Data under study:
*****
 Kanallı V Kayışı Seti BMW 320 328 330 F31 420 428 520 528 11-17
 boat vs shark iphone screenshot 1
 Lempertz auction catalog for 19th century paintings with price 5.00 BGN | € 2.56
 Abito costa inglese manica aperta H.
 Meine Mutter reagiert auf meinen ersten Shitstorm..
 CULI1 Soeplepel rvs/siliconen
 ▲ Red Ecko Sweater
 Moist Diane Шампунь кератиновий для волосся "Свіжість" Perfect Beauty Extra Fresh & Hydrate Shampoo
*****
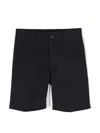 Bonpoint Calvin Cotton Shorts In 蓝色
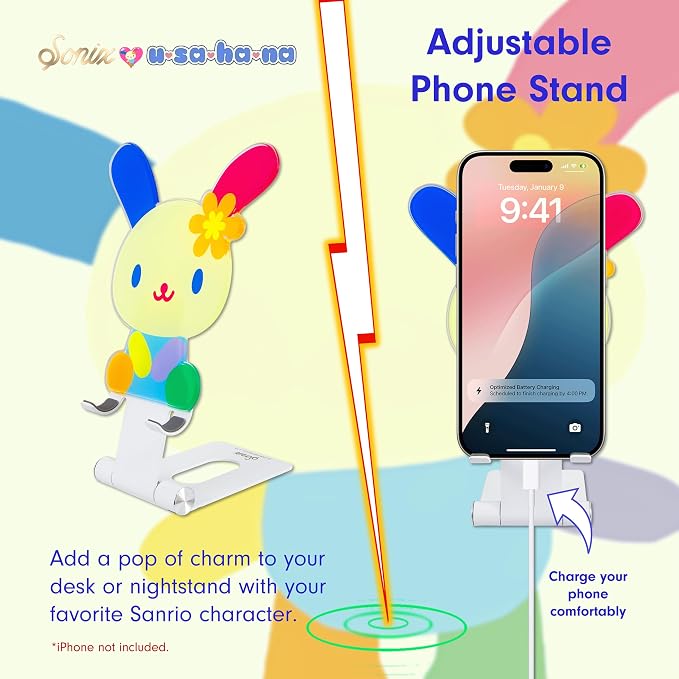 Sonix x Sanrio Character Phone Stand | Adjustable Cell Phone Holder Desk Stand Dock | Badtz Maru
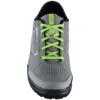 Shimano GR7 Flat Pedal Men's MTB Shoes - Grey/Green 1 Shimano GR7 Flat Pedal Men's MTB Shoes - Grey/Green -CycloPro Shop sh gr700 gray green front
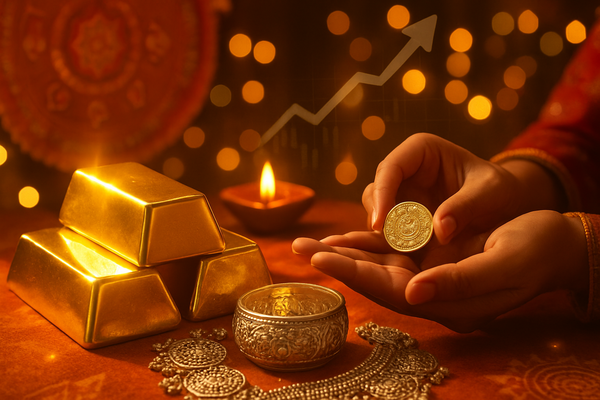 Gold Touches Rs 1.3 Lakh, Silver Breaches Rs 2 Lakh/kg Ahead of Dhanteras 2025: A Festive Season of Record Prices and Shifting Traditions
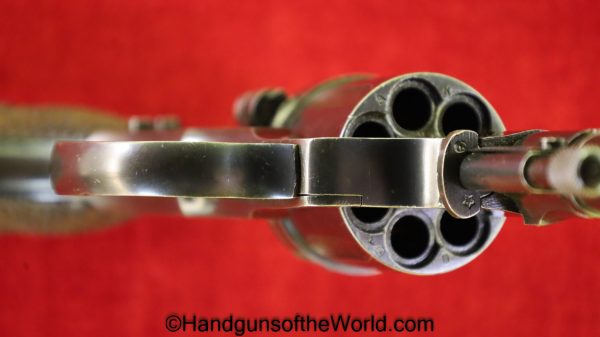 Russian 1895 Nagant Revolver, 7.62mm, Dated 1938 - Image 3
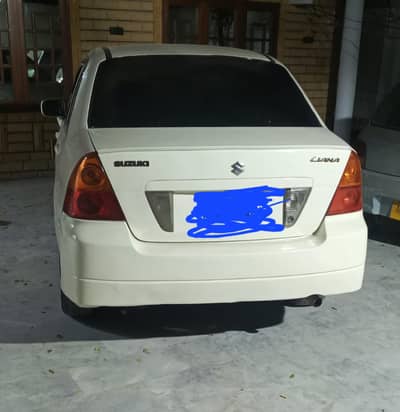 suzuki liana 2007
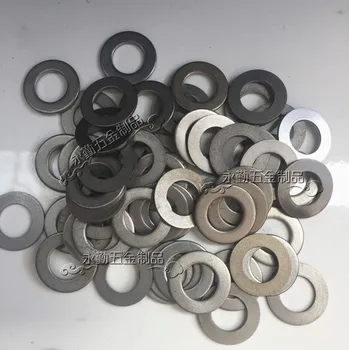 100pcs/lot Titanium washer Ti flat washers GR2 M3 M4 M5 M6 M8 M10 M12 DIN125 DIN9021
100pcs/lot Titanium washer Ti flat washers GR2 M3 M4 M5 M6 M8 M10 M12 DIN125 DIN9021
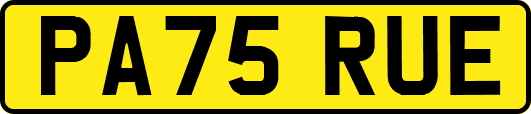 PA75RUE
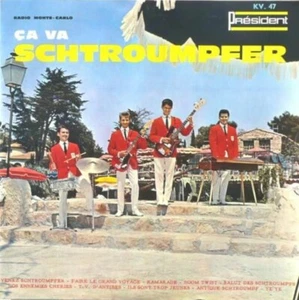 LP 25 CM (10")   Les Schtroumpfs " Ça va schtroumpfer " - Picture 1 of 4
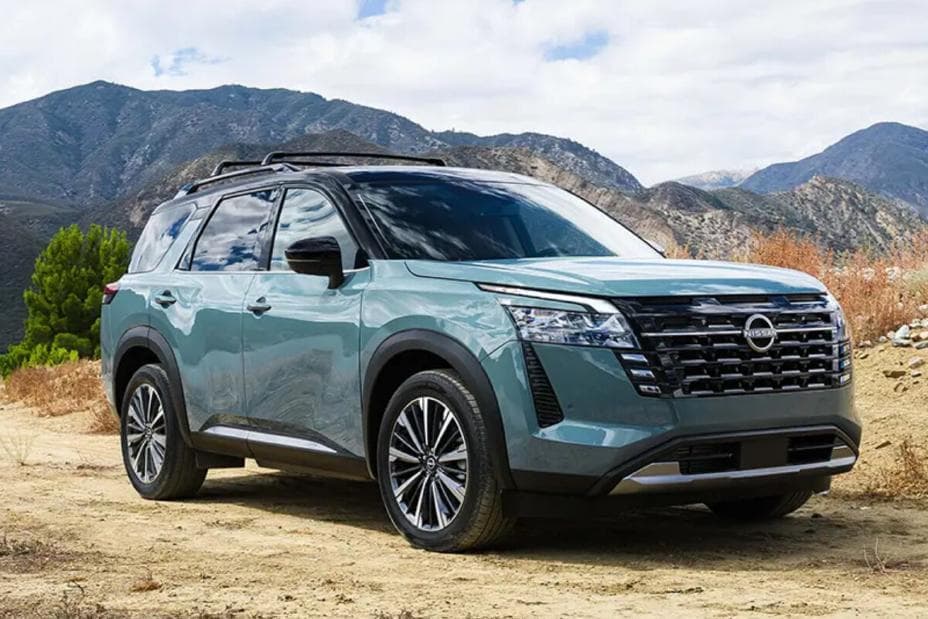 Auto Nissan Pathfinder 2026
*****
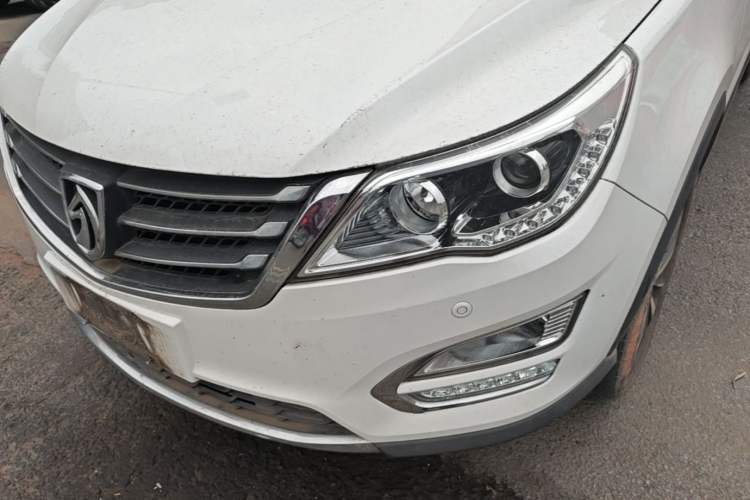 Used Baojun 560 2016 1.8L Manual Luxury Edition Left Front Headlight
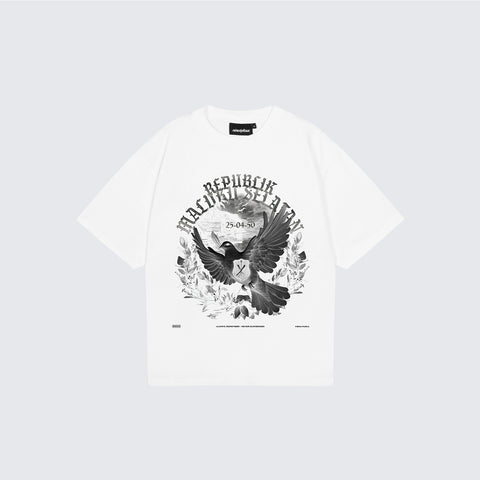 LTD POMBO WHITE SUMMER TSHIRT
*****
Instructions for the task:
The output is the stretch above from the line with "Used Baojun 560" through the line with "LTD POMBO WHITE SUMMER TSHIRT", copied word for word with both ends kept and every picture dropped.

Written answer:
 Used Baojun 560 2016 1.8L Manual Luxury Edition Left Front Headlight
 LTD POMBO WHITE SUMMER TSHIRT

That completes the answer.